CTL chairman William Chin-See, with his government-owned company already strapped by having to return seven per cent of the betting dollar to the state as taxes, eight to purses and five to OTBs as commission in addition to 70 per cent as dividends, said there is sound reasoning in Chin's arguments regarding bookmakers' closing hours and the effect an extension would have on illegal betting but added that the bookies would also affect his OTBs' "competitive edge" and would probably have to help off-set some of the financial burdens of over-taxed and cash-strapped CTL, which probably earns less than 10c from the betting dollar.
"I believe in what is fair and just and if it is so, so be it," he said, "but there has to be a serious balancing act," the CTL chairman added.
"They are saying their customers aren't our customers, meaning the 'paper bet' man does not want his money in the tote to cut down the odds. If he's closed that leaves Caymanas Park and the illegal man, who he'll prefer to go to.
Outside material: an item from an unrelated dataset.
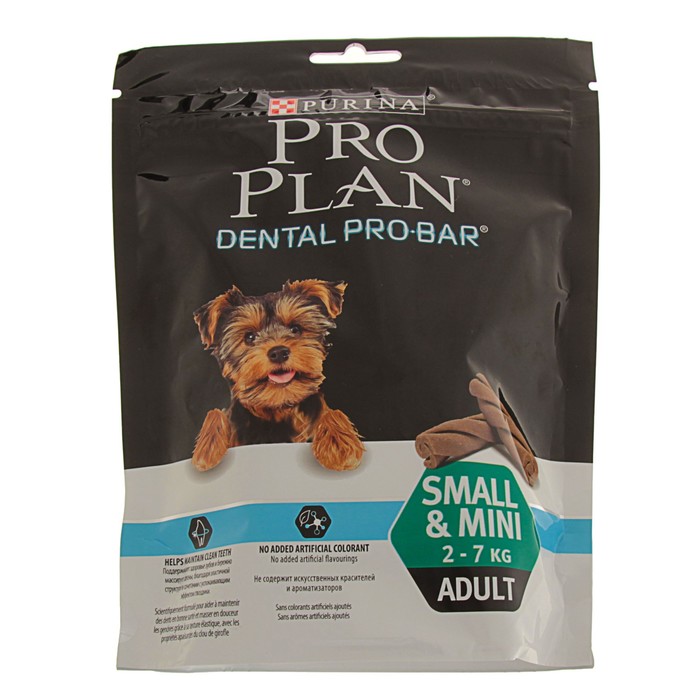 Лакомство Pro Plan DENTAL PRO BAR для собак мелких пород, 150 г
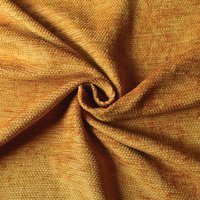 Tissu velours chenille jaune qualité siège - Mondial Tissus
"I don't believe we'll ever be able to stamp out the illegal man but if we were able to reduce his take, by those suggestions, it would be good but there's another side. CTL has the burdens of the industry and without the promoter there would be no horse racing.
"Even though we are government-owned, CTL faces every expense possible, including GCT, and if bookies are allowed to remain open all day they could probably be asked to pick up a big part of our expenses. They would have to make a bigger contribution to purses, a much bigger contribution to the rights fee.
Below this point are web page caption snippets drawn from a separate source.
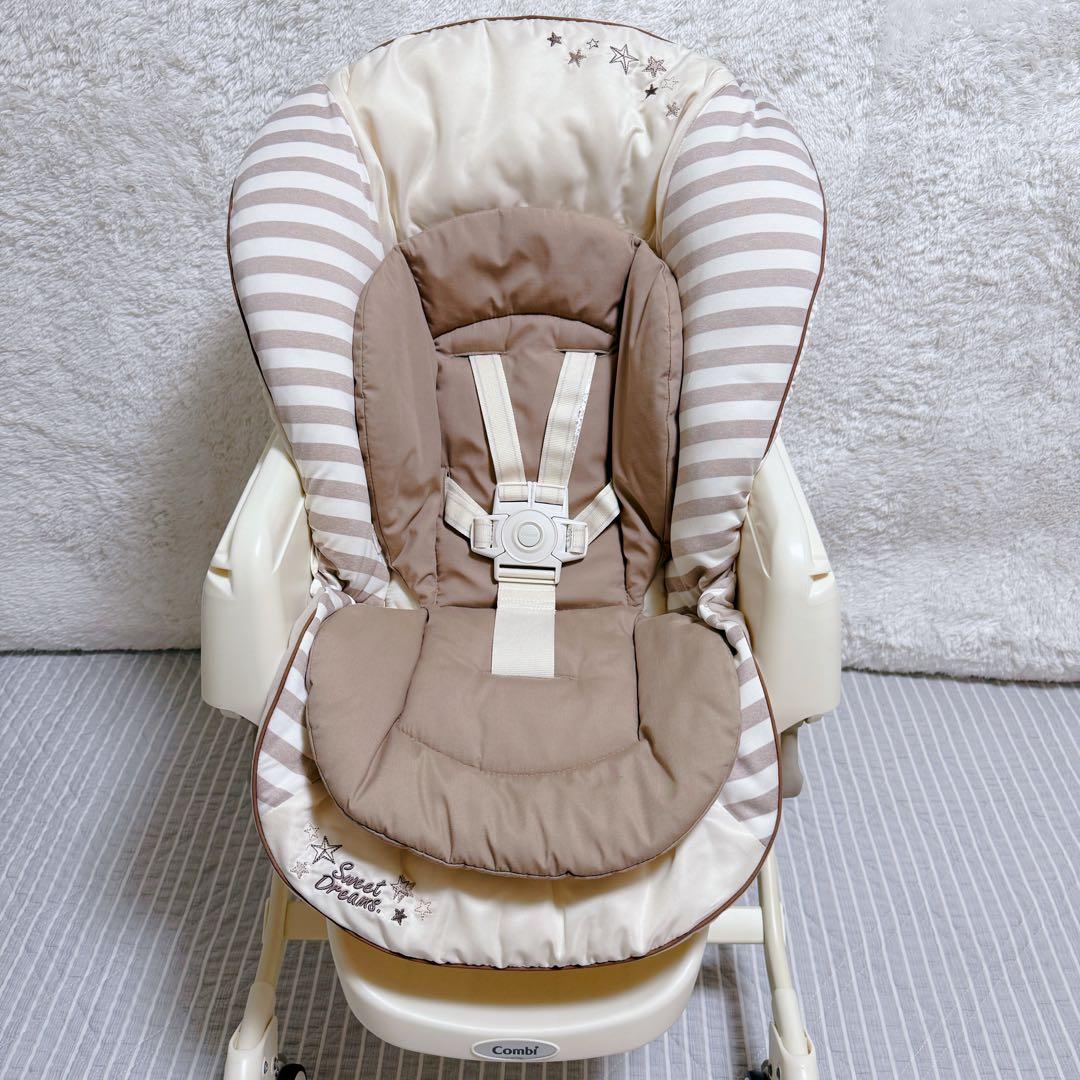 Combi ネムリラ AT AUTO SWING バースデイ限定 ハイローチェア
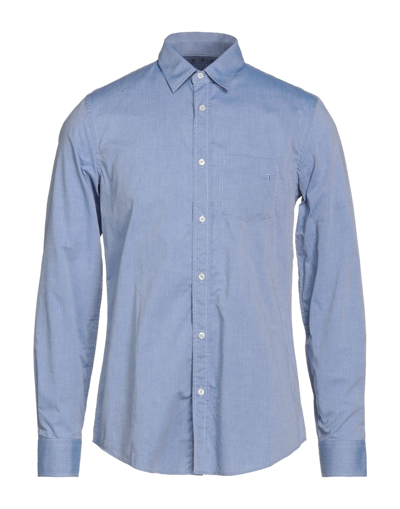 Shop Trussardi Jeans Man Shirt Sky Blue Size 15 ¾ Cotton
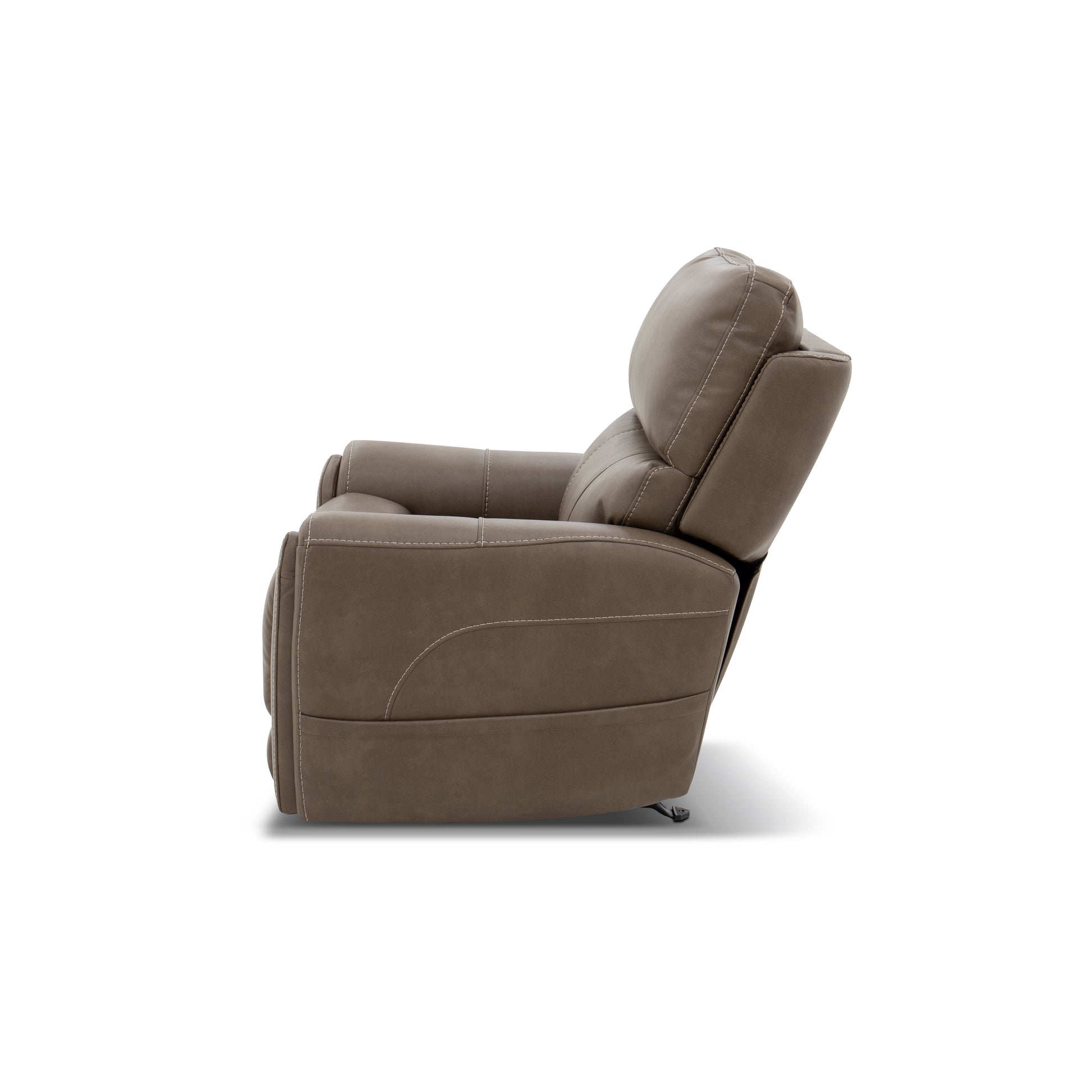 Flexsteel Carter Power Rocking Recliner with Power Headrest, Lumbar, Heat & Massage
"We would have to look at the numbers and see how they would pan out to create a fair situation. All the details would have to be looked at because you can't kill the promoting company which is already fighting for survival," Chin-See added, defending his OTBs, which pull in nearly 80 per cent of CTL's sales.
Entrepreneur Howard Hamilton, a former CTL chairman with bookmaking investments, was actively pursuing having bookies remain open while local races were on during his short-lived stint.
However, a bust-up between Hamilton and his board members over their sacking of chief executive officer Rose Campbell led to Finance Minister Omar Davies scrapping the board. That effectively was the end of Hamilton's public lobby until he recently renewed his efforts from behind the pen twice weekly in his 'Horse Sense' column in the Daily Gleaner.
One aspect of Hamilton's proposal then was that tax derived from bookmakers' sales during the extended opening hours be channeled directly into Caymanas Park and not government's pockets, ensuring the promoting company, 43-year-old racing plant and professional bodies benefit from the new source of income.
Responding to Chin-See's cry, Hamilton has suggested what CTL should do is insist more of the bookies' 11 per cent levy be returned to the sport instead of just four per cent.
"The bookmakers are already over-taxed," he said. "What is going to CTL now from the bookies' levy is a disgrace and things will get worse because with the Prime Ministers' recent announcement of incentives on horse importation, there's going to be serious pressure for increased purses."
Responding to just one of the problems facing the industry, Prime Minister P.J. Patterson last month announced a five-year waiver on import duties and GCT on horses entering the country. However, to industry investors, that was merely a carrot dangling in front of an unwilling nag.
"Even though the minister of finance believes there's an expanded lottery market, a common law of physics is that matter cannot be created nor destroyed. While one grows, somebody else suffers," Hamilton said, referring to the effects of a booming Cash Pot and Lucky Five lottery market on the betting dollar and racing industry. Hamilton, similar to Chin, believes government should "examine what the UK and USA have done and see how best we can adapt it".
Meanwhile, industry concensus is that a reduction in government's take from the CTL tote along with a revision of bookmakers' regulations and tax structure, would lead to growth but won't be possible if the horse racing dollar is expected to support the national budget and forsake its source.